If visible separators are used to encode the Data Table, NULL values are encoded as "^" characters.

Transfer Encoding

Field values are transfer-encoded to remove characters used by the Data Table encoding format and AggreGate Communication Protocol. These characters are substituted with special patterns according to the following table:

Character

Replaced by

0x25 (%)

%%

0x02 (STX)

%^

0x0D (CR)

%$

0x17 (ETB)

%/

0x1C (FS)

%<

0x1D (GS)

%>

0x1E (RS)

%=

Note that the patterns in the Replaced by column are literal strings -- they're just what you see above.

Encoding of Data Records

Each data record is encoded into a string according to the following format:

[<I=record_ID>]<field_value><field_value>…
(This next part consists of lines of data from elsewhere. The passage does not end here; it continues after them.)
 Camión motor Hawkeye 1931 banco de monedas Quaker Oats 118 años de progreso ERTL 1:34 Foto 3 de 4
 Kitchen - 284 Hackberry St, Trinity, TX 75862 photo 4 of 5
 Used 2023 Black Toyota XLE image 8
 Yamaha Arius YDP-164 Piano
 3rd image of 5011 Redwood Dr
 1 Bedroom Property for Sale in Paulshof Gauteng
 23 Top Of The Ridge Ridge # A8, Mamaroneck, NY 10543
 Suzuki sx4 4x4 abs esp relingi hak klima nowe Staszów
Elements without names are field values. Field values are encoded one by one, in the same order as they appear in the table format descriptor.

Element Name

Element Value

I

Record ID (Long number)

String Encoding Modes

Data Tables may be encoded in two modes:

  • Using visible separators
  • Using invisible separators

Three special characters are used as separators for encoding:

Visible Separator

Invisible Separator (character code)

<

0x1C

>

0x1D

=

0x1E

In this article all examples use visible separators. The only limitation when encoding a table using visible separators is that its different elements, when they are encoded to strings, must not contain these separators.